JudikaturOLG Wien

22Bs95/24t – OLG Wien Entscheidung

Entscheidung
13. Juni 2024

Kopf

Das Oberlandesgericht Wien hat als Berufungsgericht in der Strafsache gegen A* wegen §§ 127, 128 Abs 1 Z 5, 129 Abs 2 Z 1 iVm Abs 1 Z 1 StGB über die Berufung der Staatsanwaltschaft Wiener Neustadt wegen Strafe gegen das Urteil des Landesgerichts Wiener Neustadt vom 13. Februar 2024, GZ 37 Hv 6/24z-86.3, nach der am 13. Juni 2024 unter dem Vorsitz der Senatspräsidentin Mag. Mathes, im Beisein der Richter Mag. Hahn und Mag. Gruber als weitere Senatsmitglieder, in Gegenwart des Oberstaatsanwalts Mag. Ropper, LL.M. sowie in Anwesenheit des Angeklagten und seines Verteidigers Dr. Löscher durchgeführten Berufungsverhandlung zu Recht erkannt:

Spruch

Der Berufung wird teilweise Folge gegeben und die gemäß § 43a Abs 4 StGB gewährte teilbedingte Nachsicht der Freiheitsstrafe ausgeschaltet.

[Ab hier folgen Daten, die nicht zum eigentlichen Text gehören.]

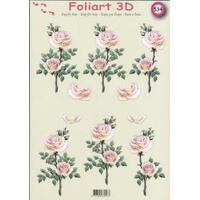 Pink Roses Themed Decoupage/Paper Tole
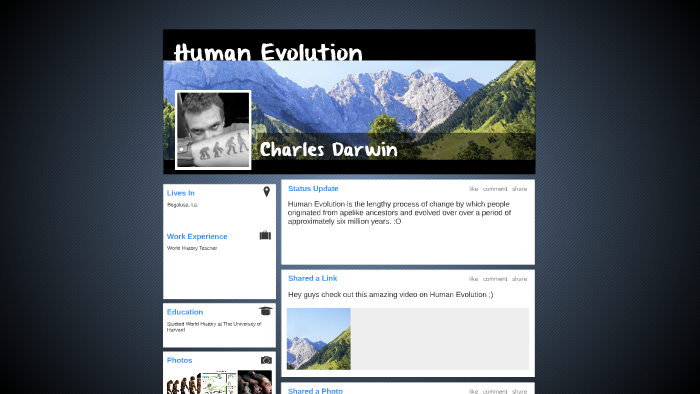 Human Evolution by Jasmine Peters on Prezi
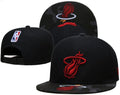 Miami-heat Basketball Cap Pro League Hat Adjustable Flat Cap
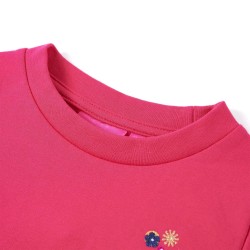 Kinder-Sweatshirt Knallrosa 104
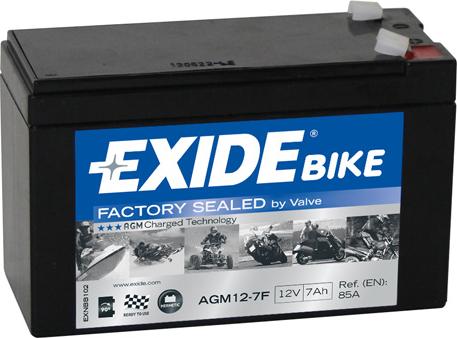 Exide AGM12-7F - Startera akumulatoru baterija www.autospares.lv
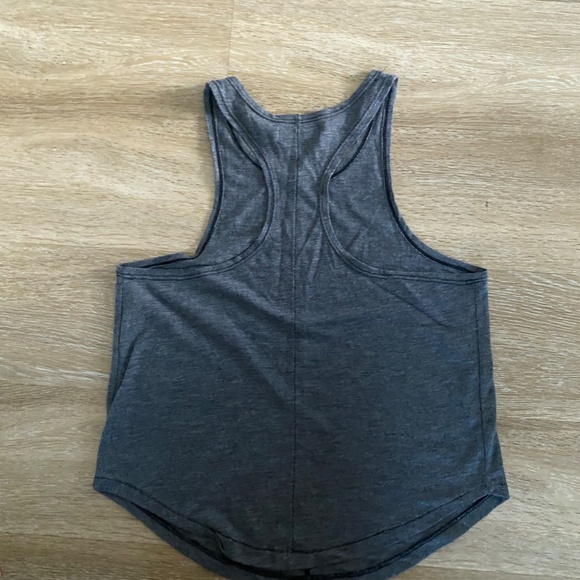 BDG dark grey razor back tank top - Picture 3 of 3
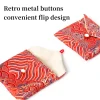 sac de rangement carré compact pour bijoux, sac de gril portable, cadeau délicat, poudres, bouton de perles de bouddha, exquis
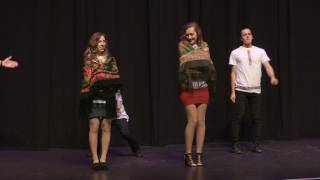 Russian club quotKalinka Malinkaquot for Brookdale Talent show 2017 [upl. by Anaiq]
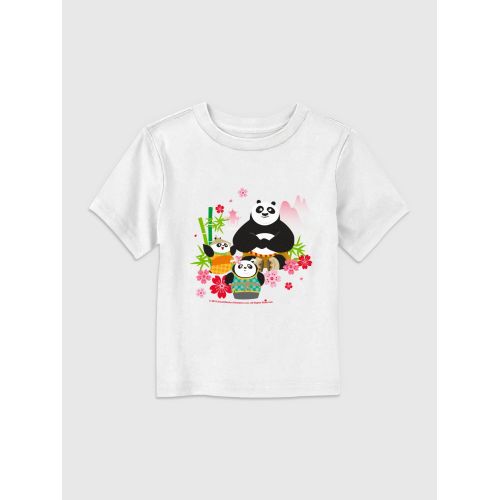 갭 Toddler Kung Fu Panda Spring Flowers Graphic Tee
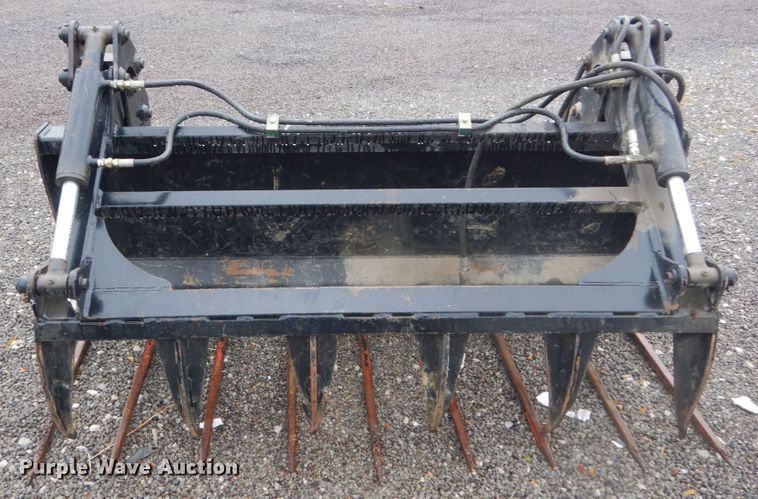 image for item JF9928 S&H  skid steer grapple bucket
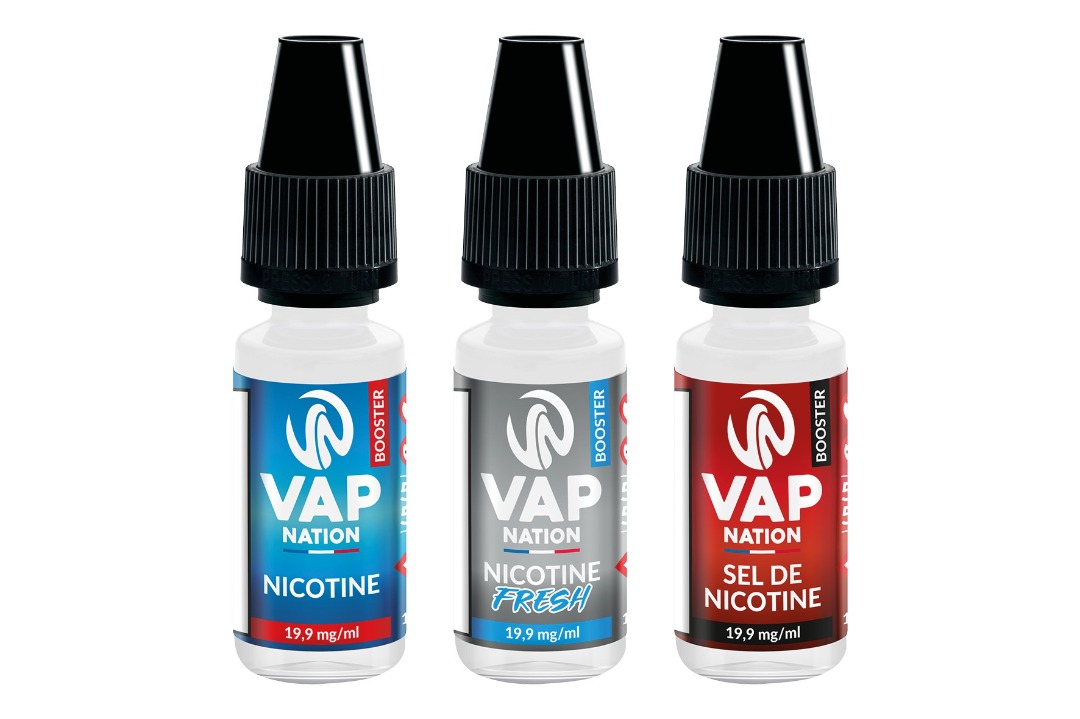 E-liquide booster 19.9mg/ml Vap Nation : photo du produit rappelé le 03/04/2025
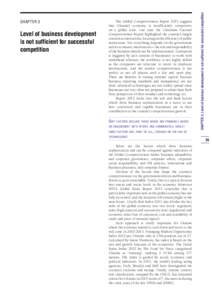 Level of business development is not sufficient for successful competition The Global Competitiveness Report 2013 suggests that Ukraine’s economy is insufficiently competitive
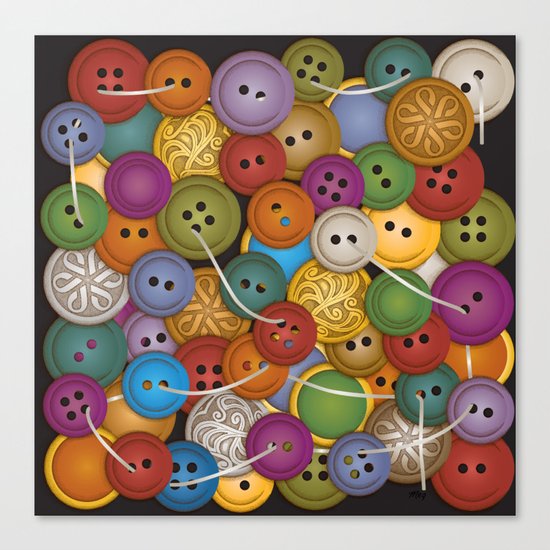 Buttons Canvas Print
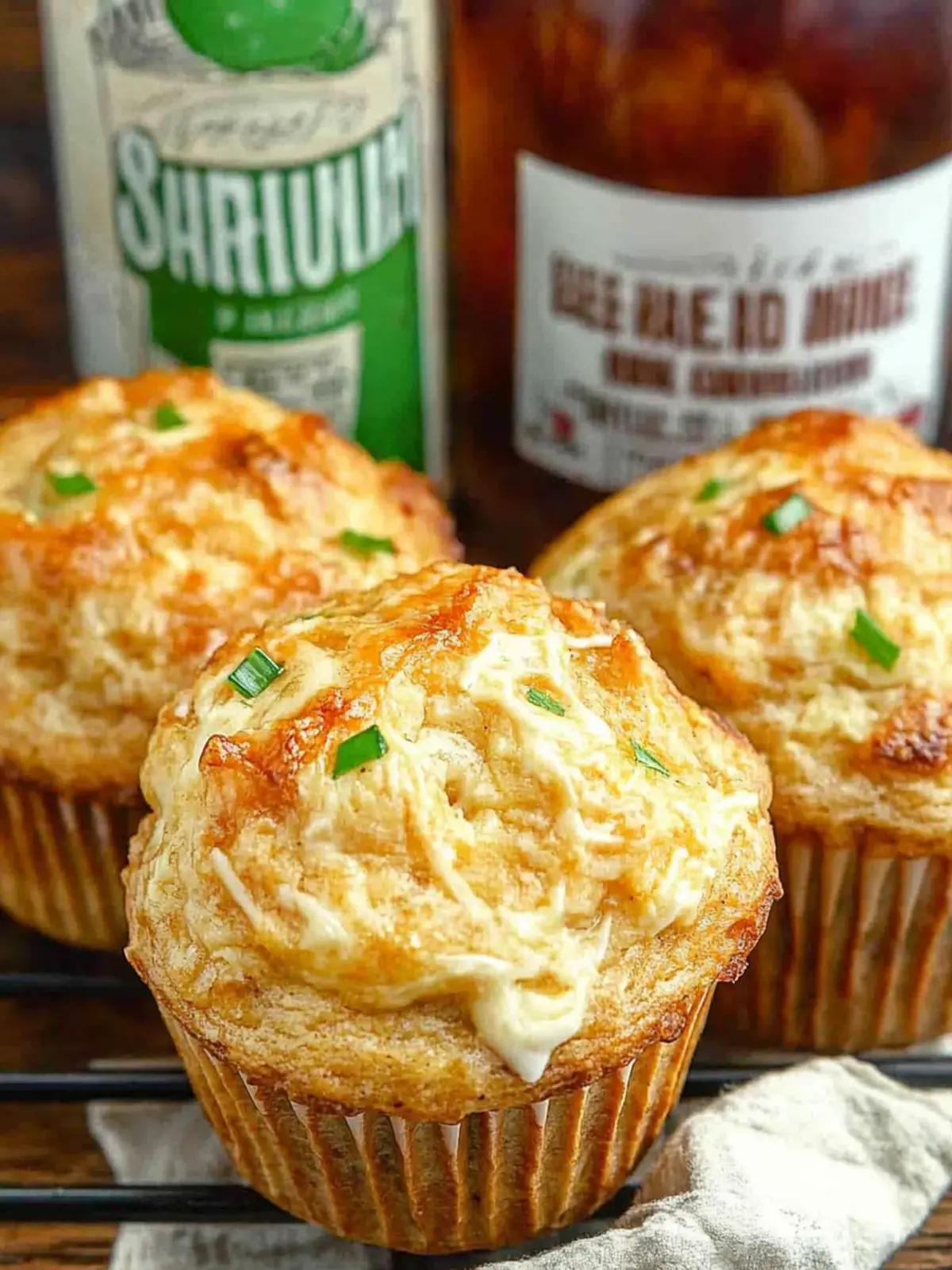 Beer Cheese Muffins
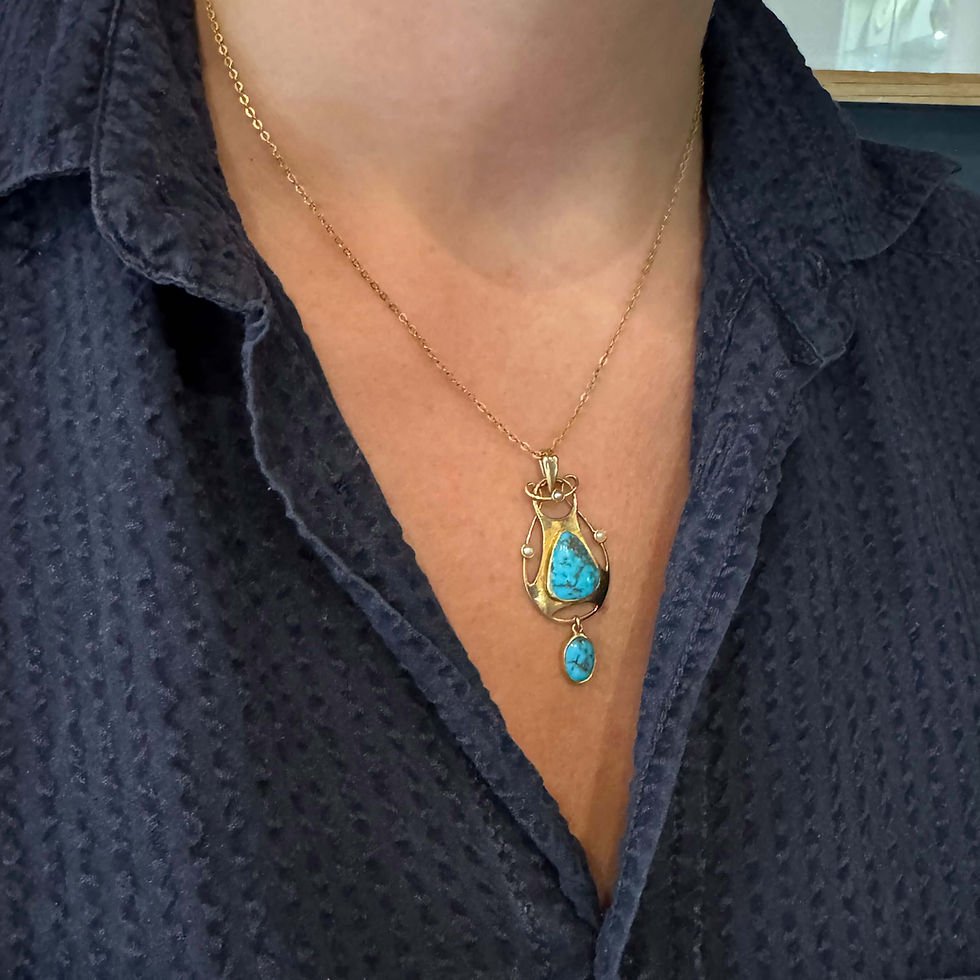 art nouveau murrle Bennett pendant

Gemäß § 390a Abs 1 StPO fallen dem Angeklagten auch die Kosten des Rechtsmittelverfahrens zur Last.

Text

Entscheidungsgründe:

Mit dem angefochtenen Urteil wurde der am ** geborene A* des Verbrechens des schweren Diebstahls durch Einbruch nach den §§ 127, 128 Abs 1 Z 5, 129 Abs 2 Z 1 (zu ergänzen: iVm Abs 1 Z 1) StGB schuldig erkannt und hiefür unter Anwendung des § 39 Abs 1 StGB nach § 129 Abs 2 StGB zu einer Freiheitsstrafe von zwei Jahren und sechs Monaten, wovon gemäß § 43a Abs 4 StGB ein Strafteil von zwanzig Monaten unter Bestimmung dreijähriger Probezeit bedingt nachgesehen wurde, verurteilt.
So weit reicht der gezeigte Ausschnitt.